TASK BRIEF
Transcribe every line from the one containing "可爱壁挂式收纳篮多功能厨房浴室小挂篮免打孔挂墙首饰盒小号 粉色大嘴挂壁收纳盒 实拍图" through the end of the records below, exactly, but not the pictures.

****

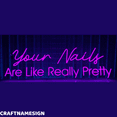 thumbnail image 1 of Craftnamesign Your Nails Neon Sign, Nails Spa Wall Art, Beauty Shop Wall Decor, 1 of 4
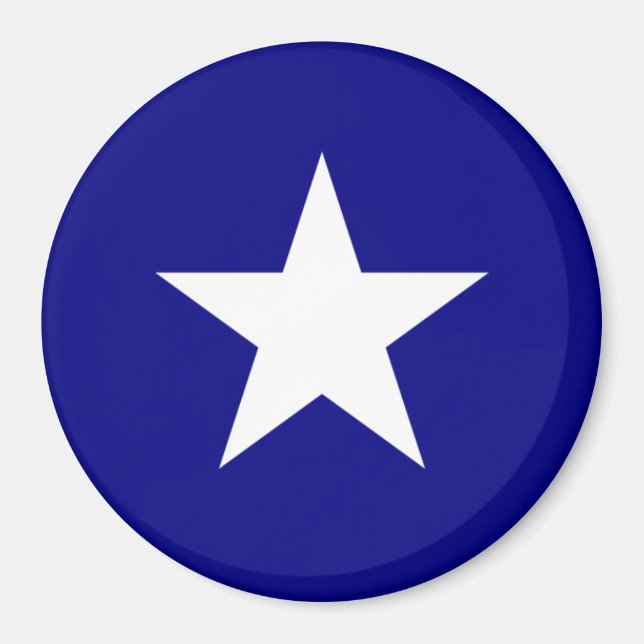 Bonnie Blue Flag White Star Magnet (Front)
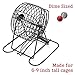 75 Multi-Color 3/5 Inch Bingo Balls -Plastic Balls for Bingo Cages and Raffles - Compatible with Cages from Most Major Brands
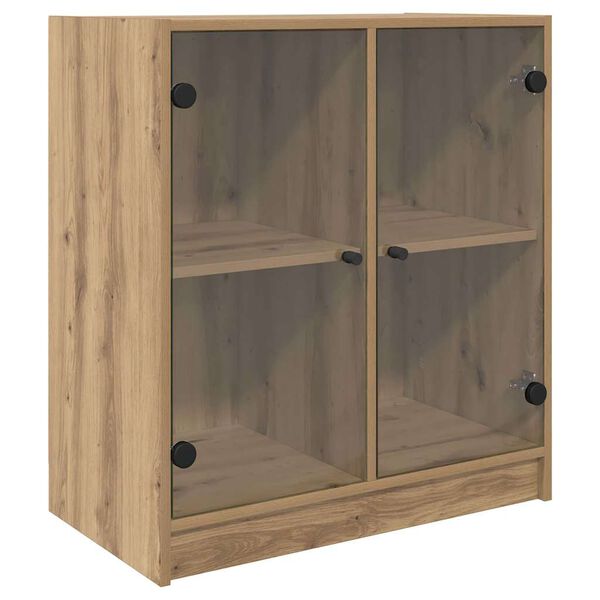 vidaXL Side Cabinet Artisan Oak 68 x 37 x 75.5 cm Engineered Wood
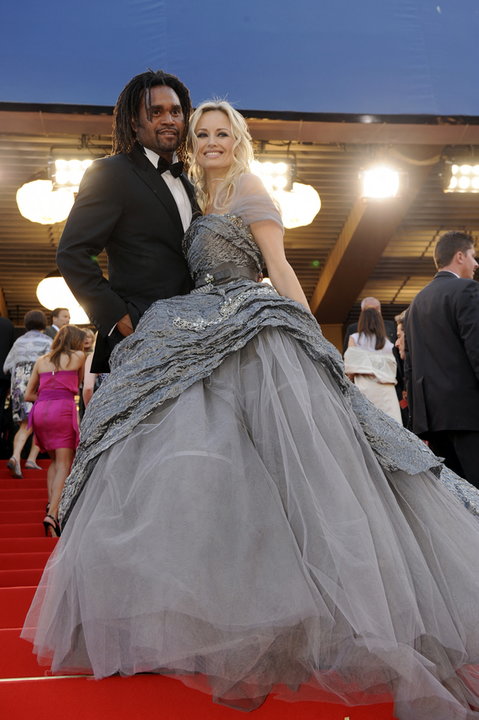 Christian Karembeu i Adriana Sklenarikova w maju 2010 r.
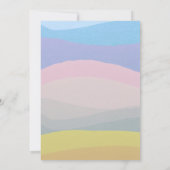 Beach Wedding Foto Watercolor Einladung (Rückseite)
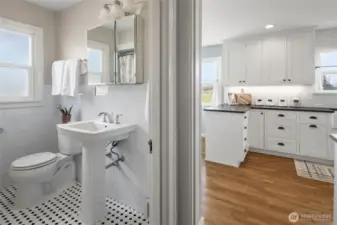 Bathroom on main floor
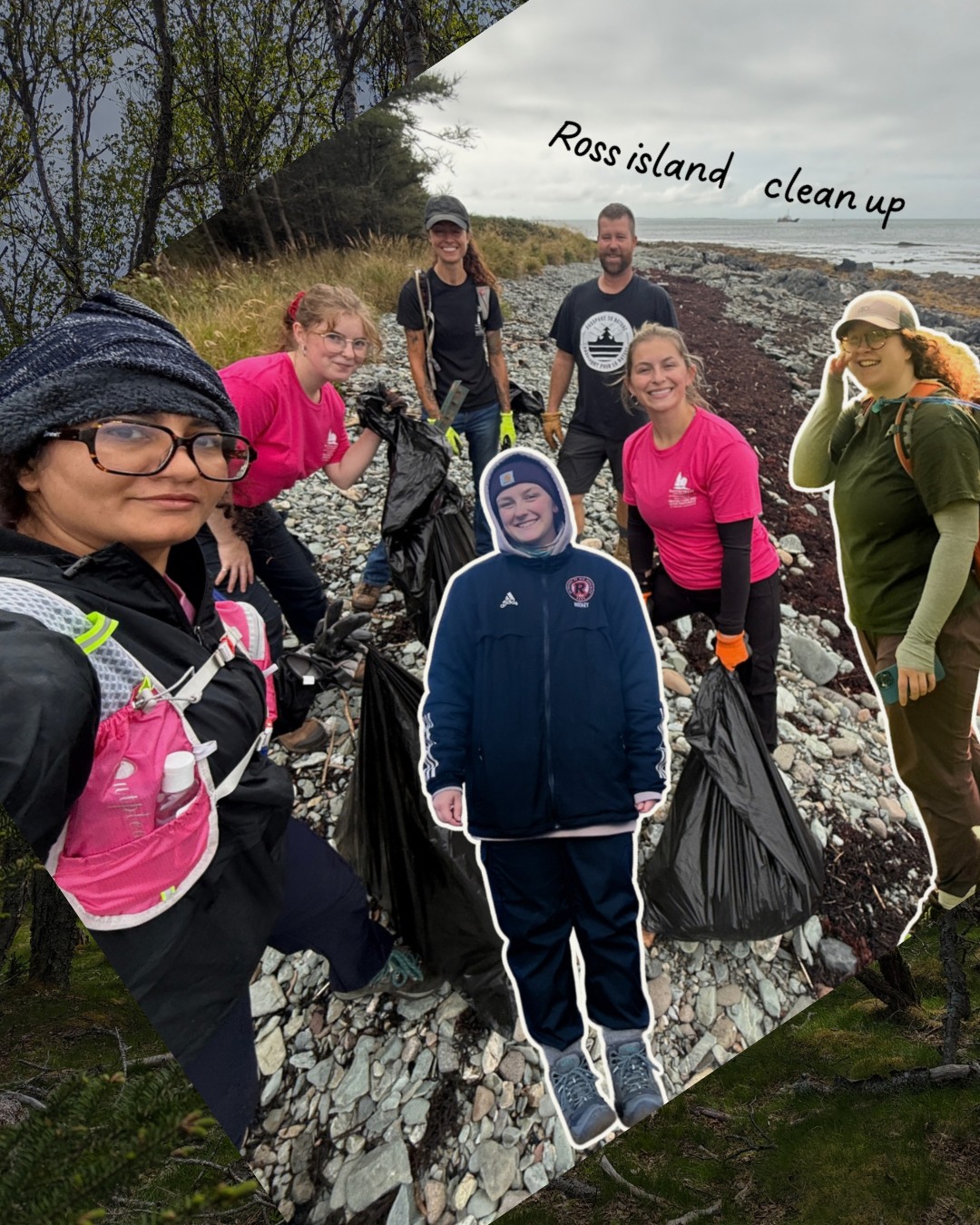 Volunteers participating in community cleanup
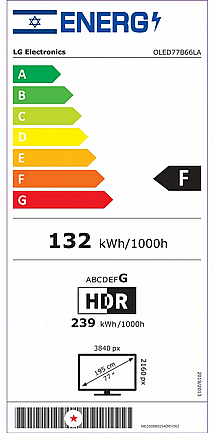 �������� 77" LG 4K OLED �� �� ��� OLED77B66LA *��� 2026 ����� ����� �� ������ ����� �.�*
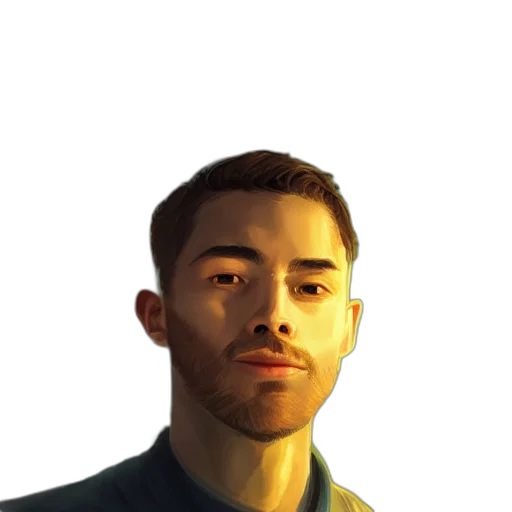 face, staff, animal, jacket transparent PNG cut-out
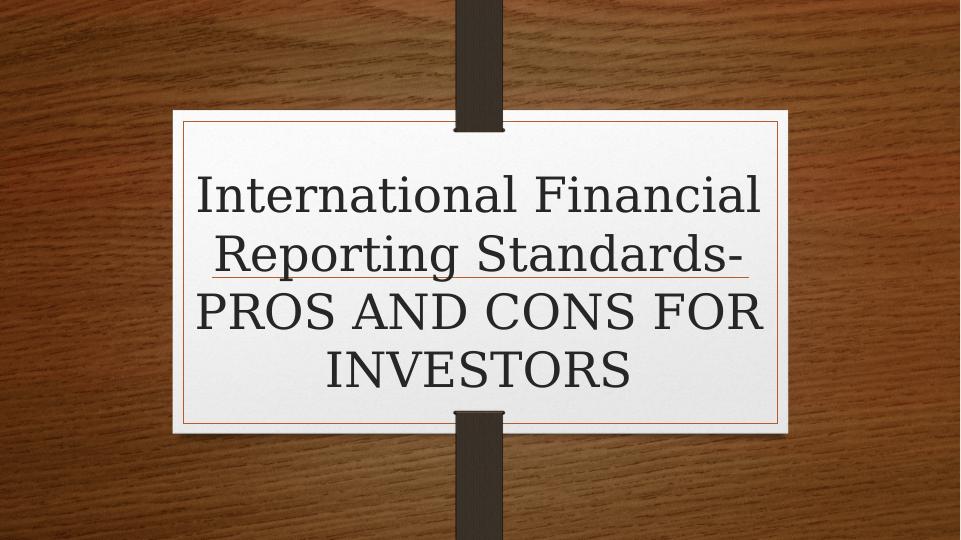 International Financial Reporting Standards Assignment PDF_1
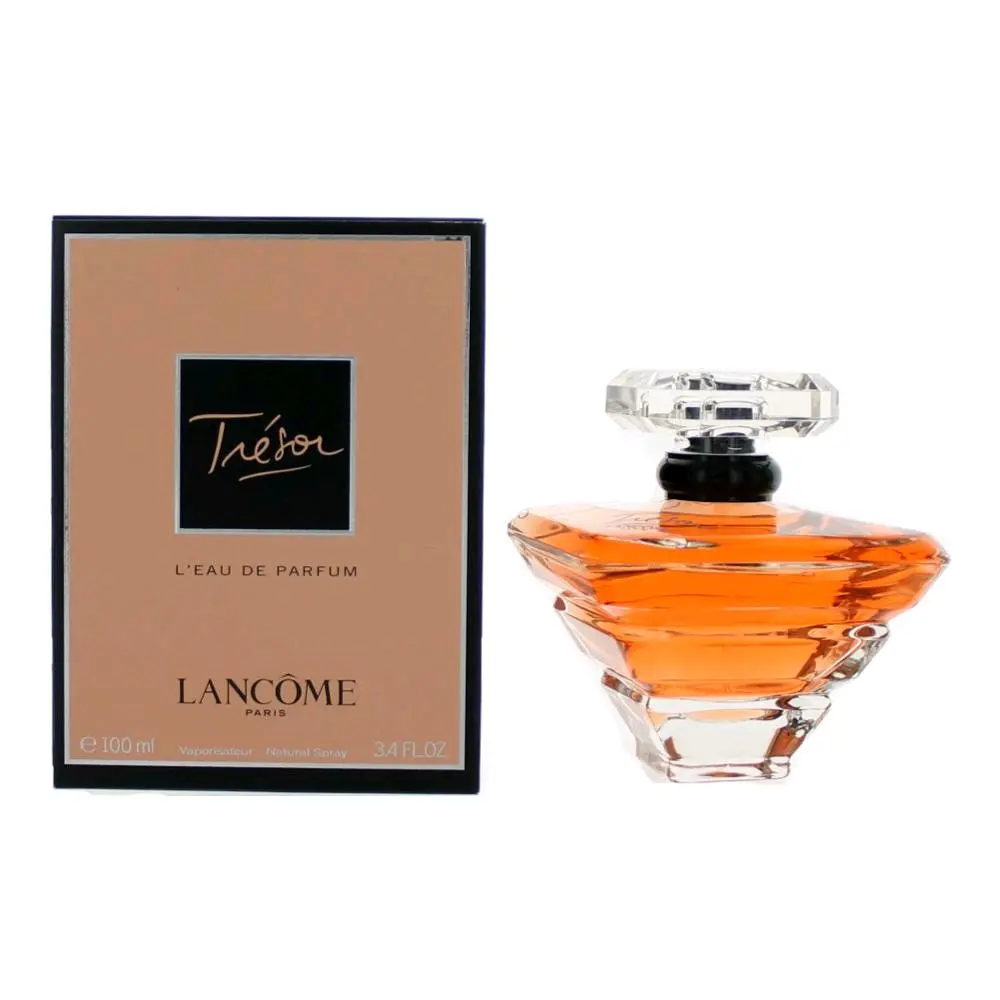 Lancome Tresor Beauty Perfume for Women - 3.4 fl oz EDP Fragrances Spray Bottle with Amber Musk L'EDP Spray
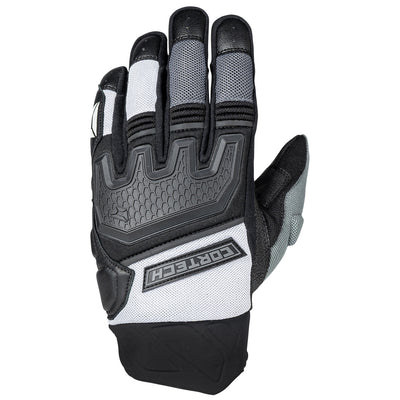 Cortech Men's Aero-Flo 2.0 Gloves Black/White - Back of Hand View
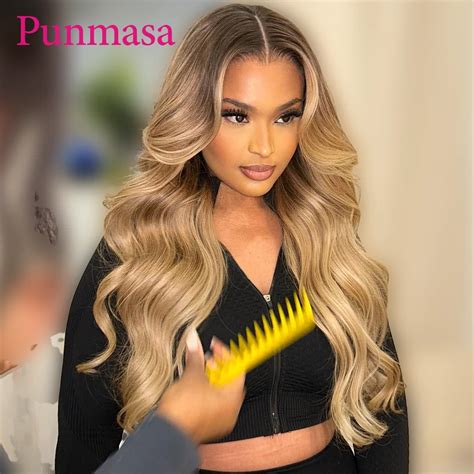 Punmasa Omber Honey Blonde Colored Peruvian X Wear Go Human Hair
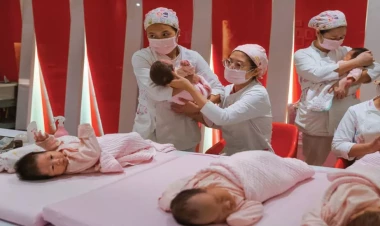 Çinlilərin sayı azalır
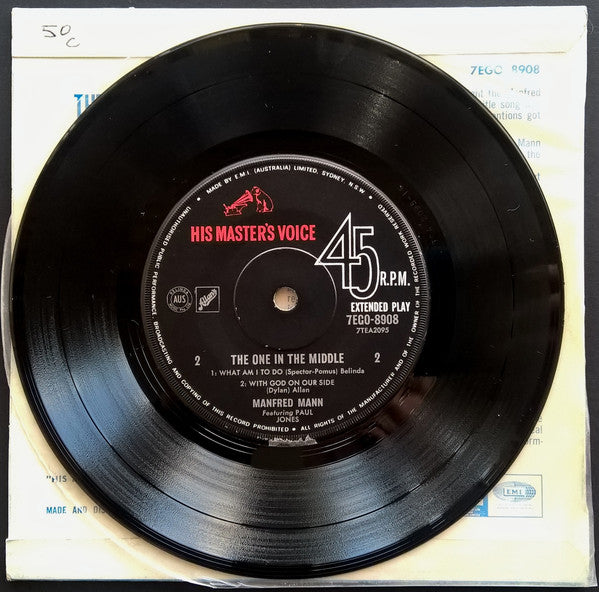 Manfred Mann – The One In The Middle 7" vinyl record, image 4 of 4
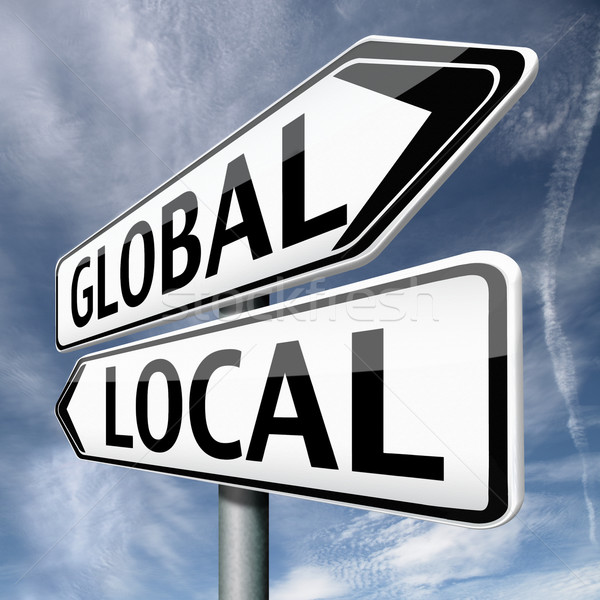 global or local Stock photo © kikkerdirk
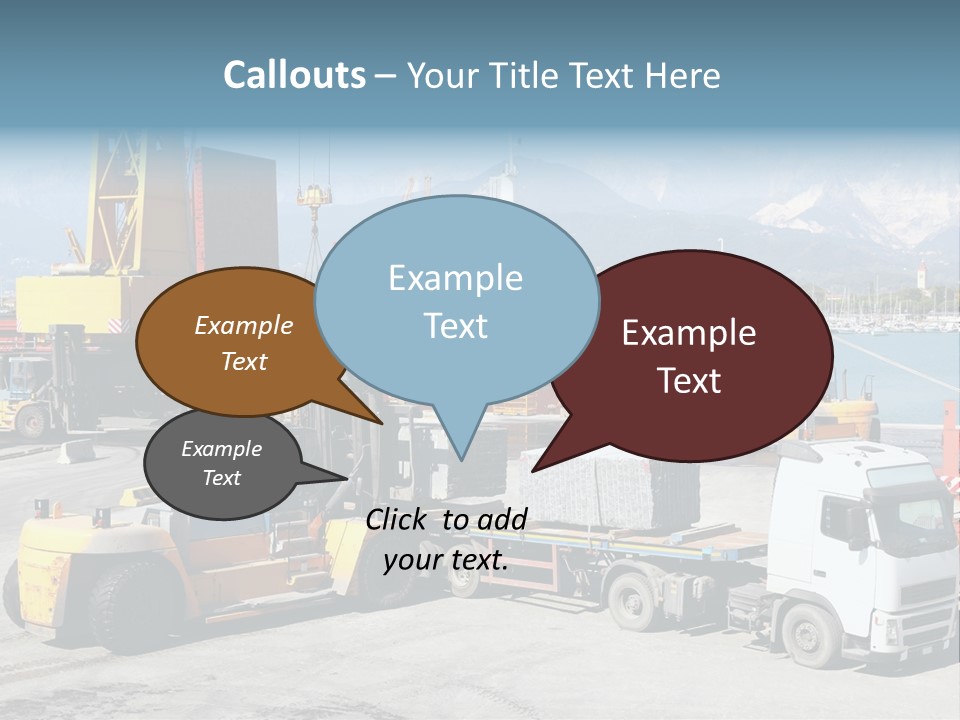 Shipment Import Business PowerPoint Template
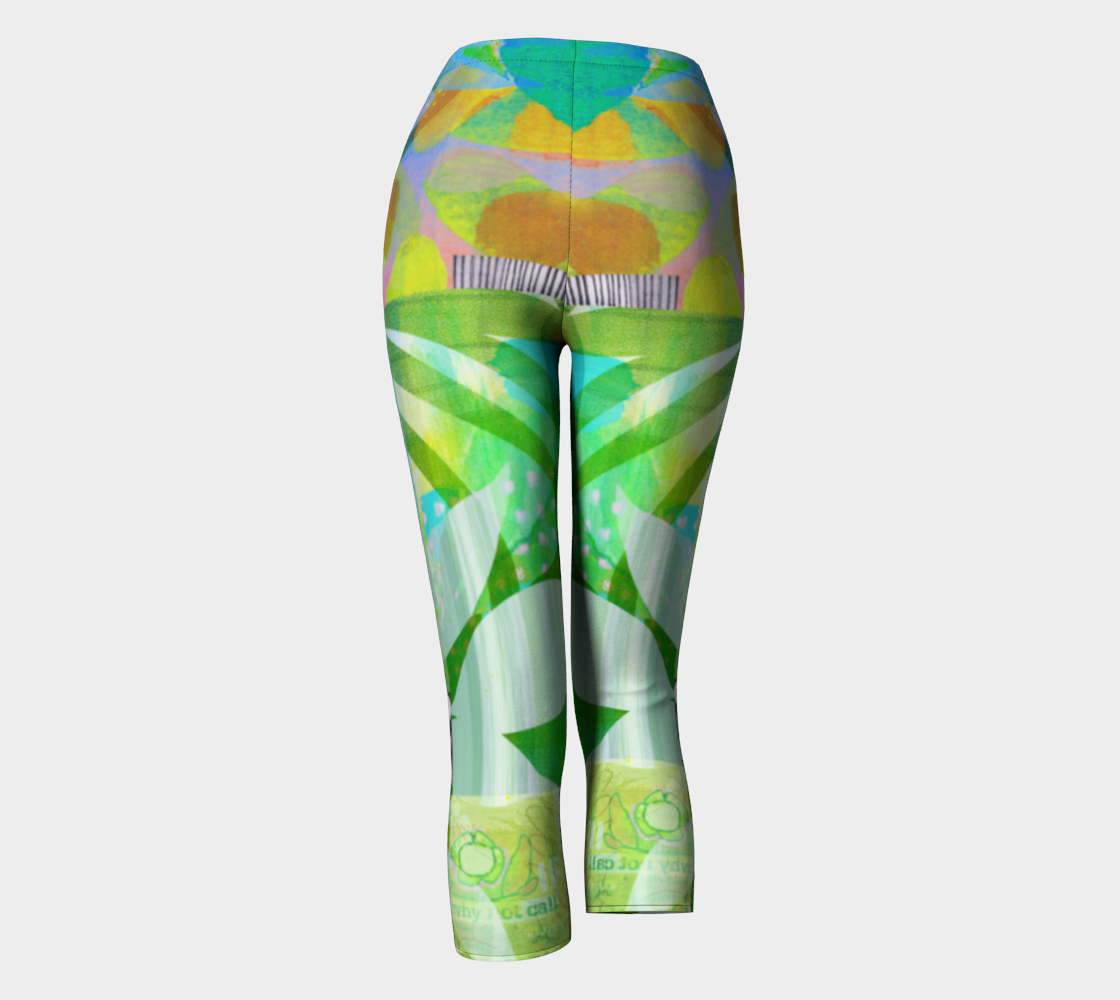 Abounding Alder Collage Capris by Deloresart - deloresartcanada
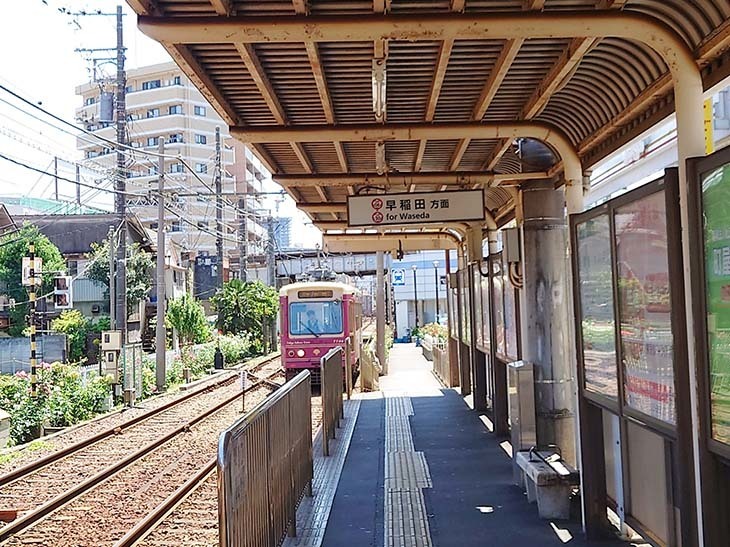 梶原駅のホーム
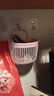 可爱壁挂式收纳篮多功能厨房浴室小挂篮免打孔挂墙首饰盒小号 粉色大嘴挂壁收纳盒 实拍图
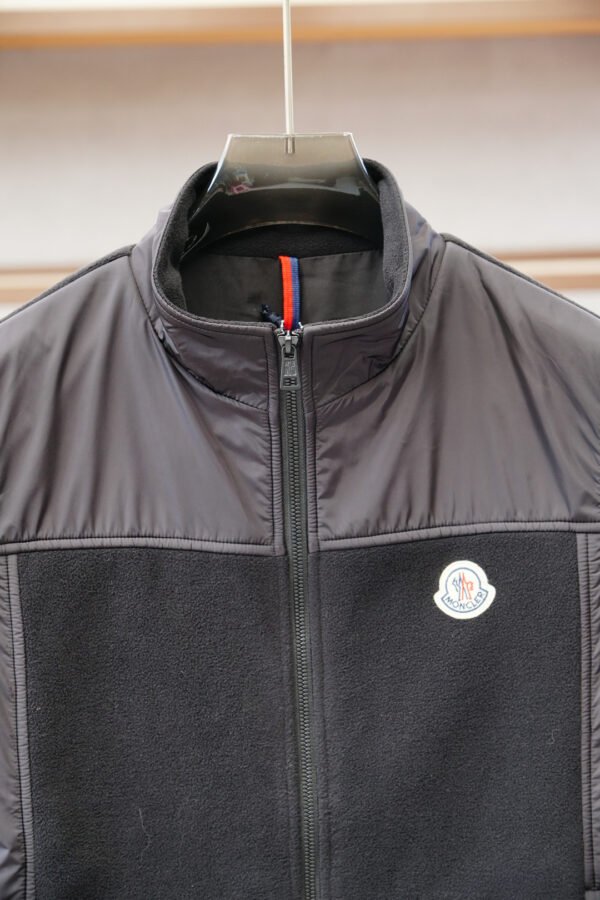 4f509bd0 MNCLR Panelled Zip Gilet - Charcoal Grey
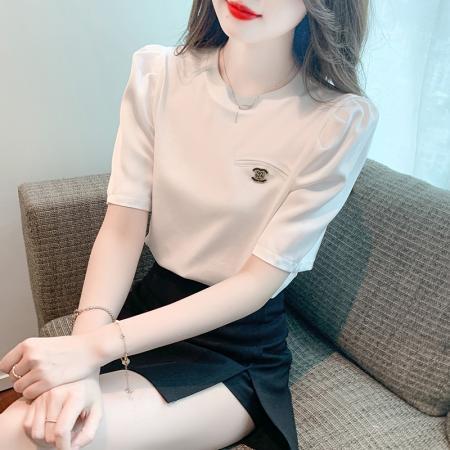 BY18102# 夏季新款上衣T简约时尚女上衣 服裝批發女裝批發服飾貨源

****

ANSWER TO THIS TASK
 可爱壁挂式收纳篮多功能厨房浴室小挂篮免打孔挂墙首饰盒小号 粉色大嘴挂壁收纳盒 实拍图
 4f509bd0 MNCLR Panelled Zip Gilet - Charcoal Grey
 BY18102# 夏季新款上衣T简约时尚女上衣 服裝批發女裝批發服飾貨源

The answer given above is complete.